- Born: 8 October 1959 Beirut, Lebanon
- Died: 27 December 1998 (aged 39) Lebanon
- Cause of death: Suicide by gunshot
- Occupations: Socialite, bellydancer
- Years active: 1990s
- Children: 1
- Relatives: Bustros family

= Dany Bustros =

Lebanese belly dancer (1959–1998)

Dany Bustros (داني بسترس, 8 October 1959 – 27 December 1998) was a Lebanese belly dancer, socialite and stage actress. She was a member of the Bustros family, an aristocratic Beiruti family. At the height of her career she was considered to be "Lebanon's Leading Belly dancer" who had successfully combined traditional dance with western dance forms such as Flamenco and modern.

==Biography==
===Origins===
Dany Bustros was born on 8 October 1959 in Beirut, to the prominent Bustros family, one of the seven original Beirut aristocratic families that constituted the traditional high-society of Beirut. The Bustros family were originally estate holders and feudal lords, they later became business owners, artists and land owners throughout Lebanon.

===Career===

Bustros achieved acclaim for her dance revue "Boulevard de la Cité" in 1991. In 1993 she made her acting debut in the French play "Encore une minute" (One more minute). Two years later, she starred in a musical alongside Lebanese singer-composer Melhem Barakat.

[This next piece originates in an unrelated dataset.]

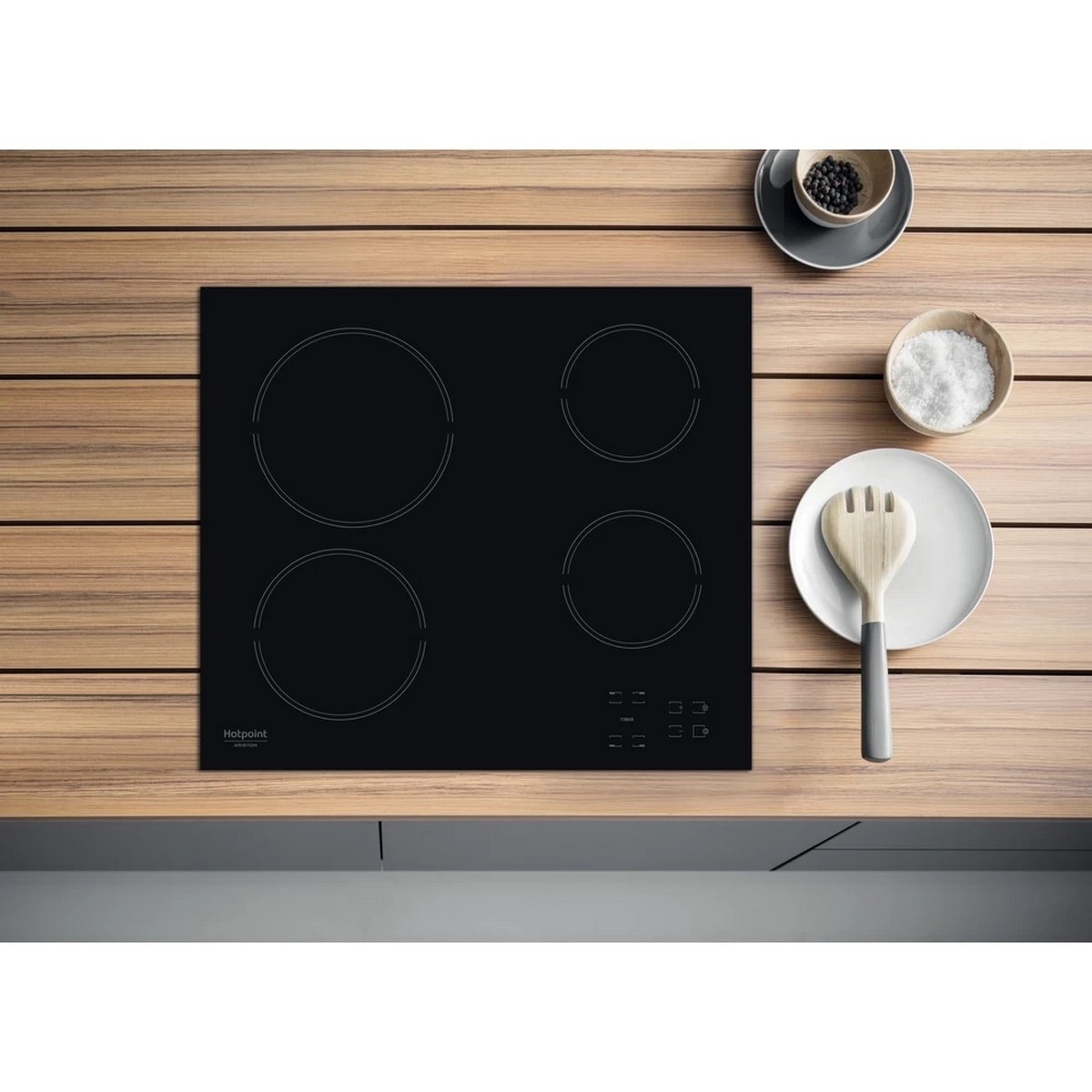 Placa de Vitrocerâmica HotPoint HR 631 C com 4 Zonas e de 58 cm - Ceramic Glass Preto Preto-2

==Personal tragedy and later suicide==

In 1994, Bustros witnessed the drowning of her 16-year-old son George. She attempted suicide twice before her death in 1998. In the weeks leading up to her death, a close friend of the entertainer frequently saw her at church. When asked what was wrong, Bustros replied, "I need God".
===Death===

Bustros died in December 1998 at her home in Adma. The cause of death was suicide by firearm.

==Cultural impact==

In 2017, Lebanese singer Elissa released a music video that depicted the life of Dany Bustros. It was directed by Angy Jammal. The song's title "Aaks Elli Shayfenha", which translates to "The opposite of what you see", is supposed to shed light on depression and mental health issues.